--- Provided records ---

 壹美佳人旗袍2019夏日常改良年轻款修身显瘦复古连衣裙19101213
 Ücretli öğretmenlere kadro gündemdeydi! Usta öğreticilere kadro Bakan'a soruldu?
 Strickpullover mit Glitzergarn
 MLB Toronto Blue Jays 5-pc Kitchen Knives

---
--- Provided records ---

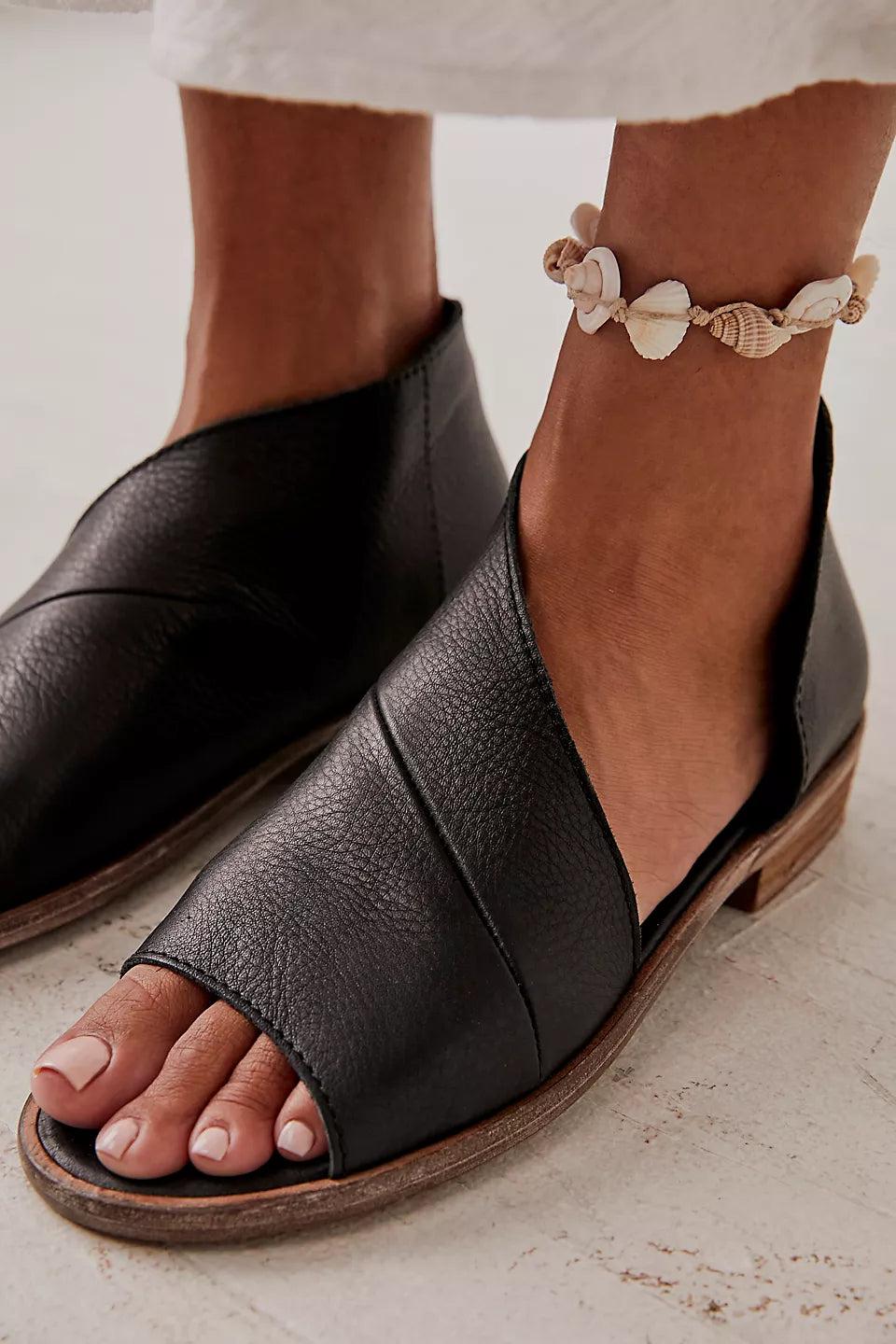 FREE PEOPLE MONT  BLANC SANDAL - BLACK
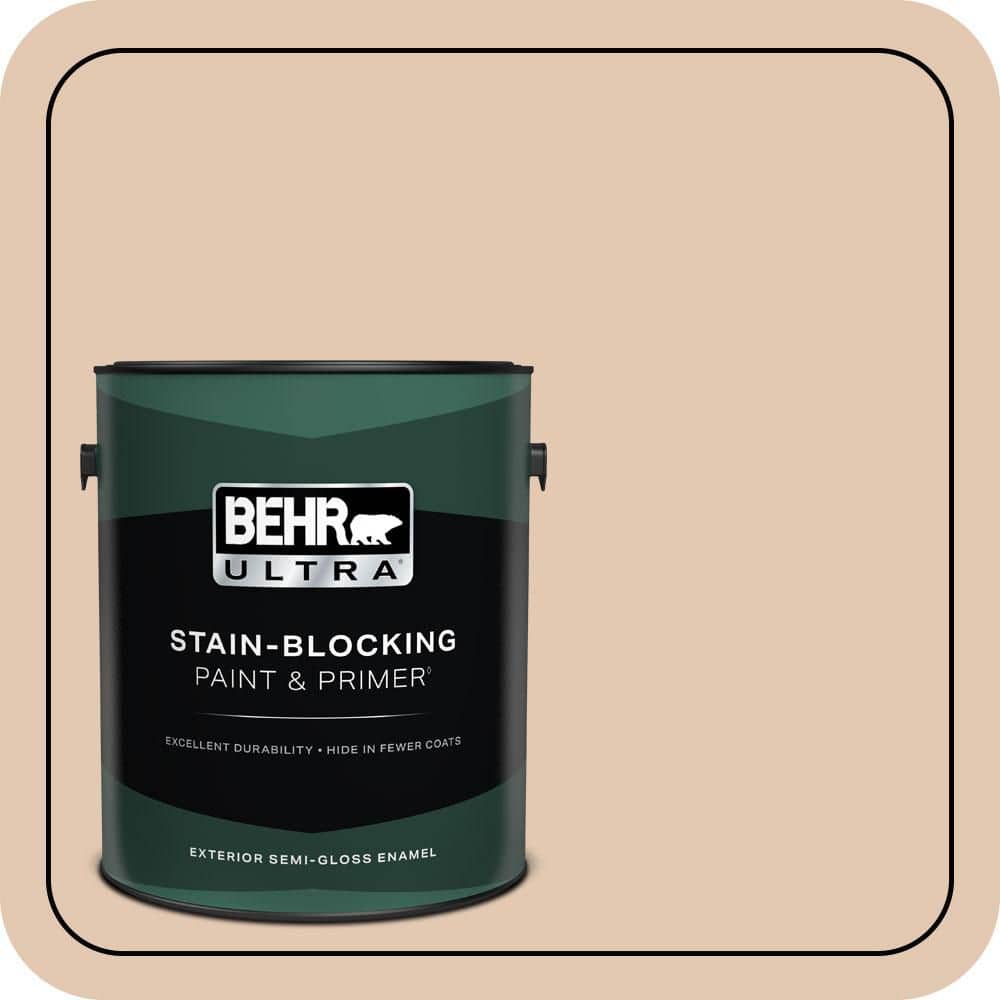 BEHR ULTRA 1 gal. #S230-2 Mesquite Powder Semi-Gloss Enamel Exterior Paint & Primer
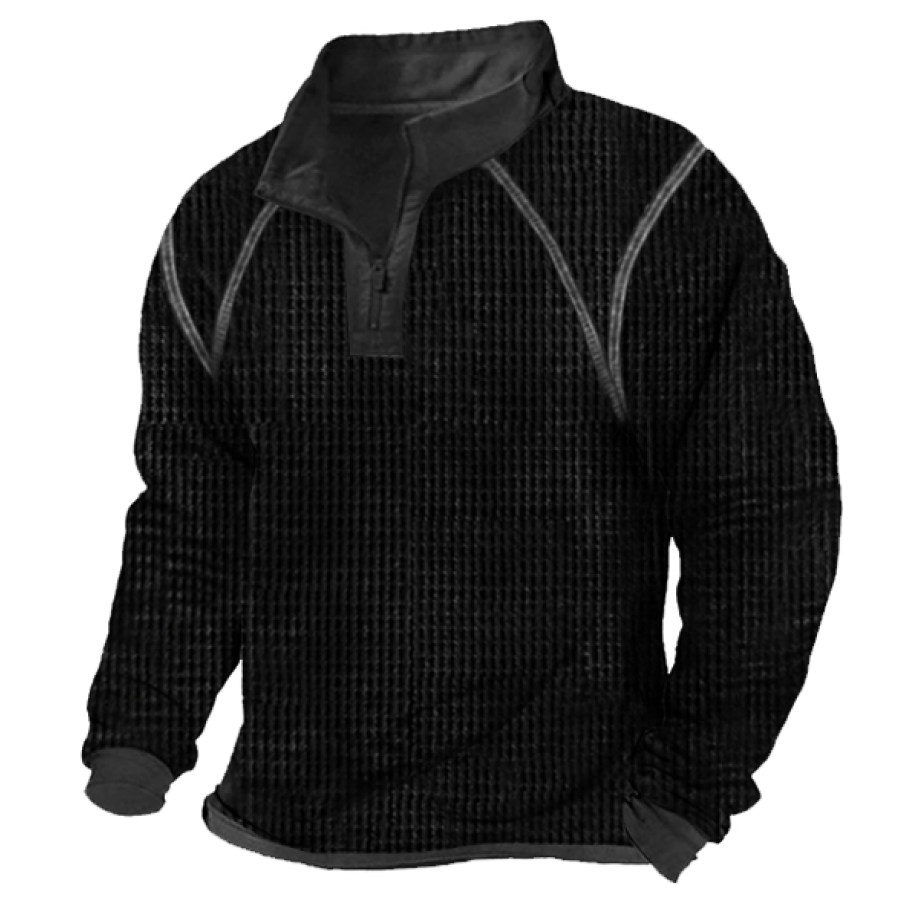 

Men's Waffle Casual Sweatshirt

---

- Exercise objective -
Everything above from the line containing "壹美佳人旗袍2019夏日常改良年轻款修身显瘦复古连衣裙19101213" down to the line containing "MLB Toronto Blue Jays 5-pc Kitchen Knives" is to be transcribed exactly, with both of those lines included and nothing else added.

- Your solution -
 壹美佳人旗袍2019夏日常改良年轻款修身显瘦复古连衣裙19101213
 Ücretli öğretmenlere kadro gündemdeydi! Usta öğreticilere kadro Bakan'a soruldu?
 Strickpullover mit Glitzergarn
 MLB Toronto Blue Jays 5-pc Kitchen Knives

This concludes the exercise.